After three weeks or more, on my arrival in Griqua town, I found out that the report of this stone was quite correct, and I obtained the following particulars from the Rev. James Good, the Missionary at Griqua Town. It was brought to him on or about the 1st of April this year by a Griqua who saw it fall near his hut on March 20, 1868, who said it smelt strong of sulphur, and was warm when he picked it up. It fell at Daniels Kuil, in Griqua territory, about two days journey NNE of Griqua Town, and was brought into the town by the native who saw it fall and who offered it to Mr. Good, who, not being much interested in it, told the man to take it home again with him; the man, however, gave it to Captain Waterboer from whom I obtained it.
This meteorite is of small size, weighing only 2 lbs. 5 oz. and was the only one seen to fall. It contains a very large amount of free iron disseminated evenly through it, together with Troilite, Schreibersite, etc. This stone contains more iron than any other I have seen, but in a very fine state of division.

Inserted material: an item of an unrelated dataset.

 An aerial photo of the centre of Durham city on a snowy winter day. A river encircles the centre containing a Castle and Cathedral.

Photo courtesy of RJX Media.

It is of a dark greyish colour with a fine granular texture, speckled with small brown patches, owing to the alteration of the iron present; most of the iron seen on the broken surface of the interior of the stone is in extremely minute points, which glitter like the broken surface of a piece of sandstone. Frequently in meteoric stones there appears to be small roundish grains, sometimes so abundant as to give the stone an Oolitic character; this is not apparent in this specimen.
The crust on the outer surface is of a dull blackish colour, and immediately below, for a thickness of perhaps one-eighth of an inch, the stone is browner in colour than the rest of the interior, owing to partial alteration. When this aerolite came into my hands it was broken into two parts, and the fractured surfaces were very much altered, the iron being much oxidized, thus rendering the stone much browner than at a fresh fracture.

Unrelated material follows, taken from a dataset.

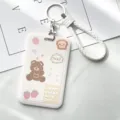 Minimalist white card holder with cute cartoon bear print, braided strap and keychain for daily use. - 100% Strawberry Bear & White Edged Leather Cords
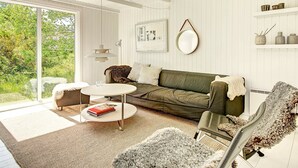 A modern living room with a green sofa, a round coffee table, a white armchair, and a large window offering a view of greenery. - Serene Holiday Home in Bornholm With Terrace (Akirkeby)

Professor A. H. Church has very kindly analyzed it with the following results:
Nickel-Iron: 29.72 (contains: Fe. 94.72, Ni. 5.18)
Silica and Silicates: 61.53
Oxygen, other substances, and loss: 1.14
The meteorite gives off sulphuretted hydrogen when treated with acid. I have just succeeded in obtaining a cast of the stone in plaster of Paris, which, being coloured, is a perfect facsimile of the whole meteorite as it fell.
It is remarkable, considering the large extent of country now being much travelled over, even for a very great distance, that so few meteoritic stones or irons are found in that part of the globe. India has of late years produced a large number, some 40 or 50, while in the Southern portion of Africa some 7 or 8 are all that we know of.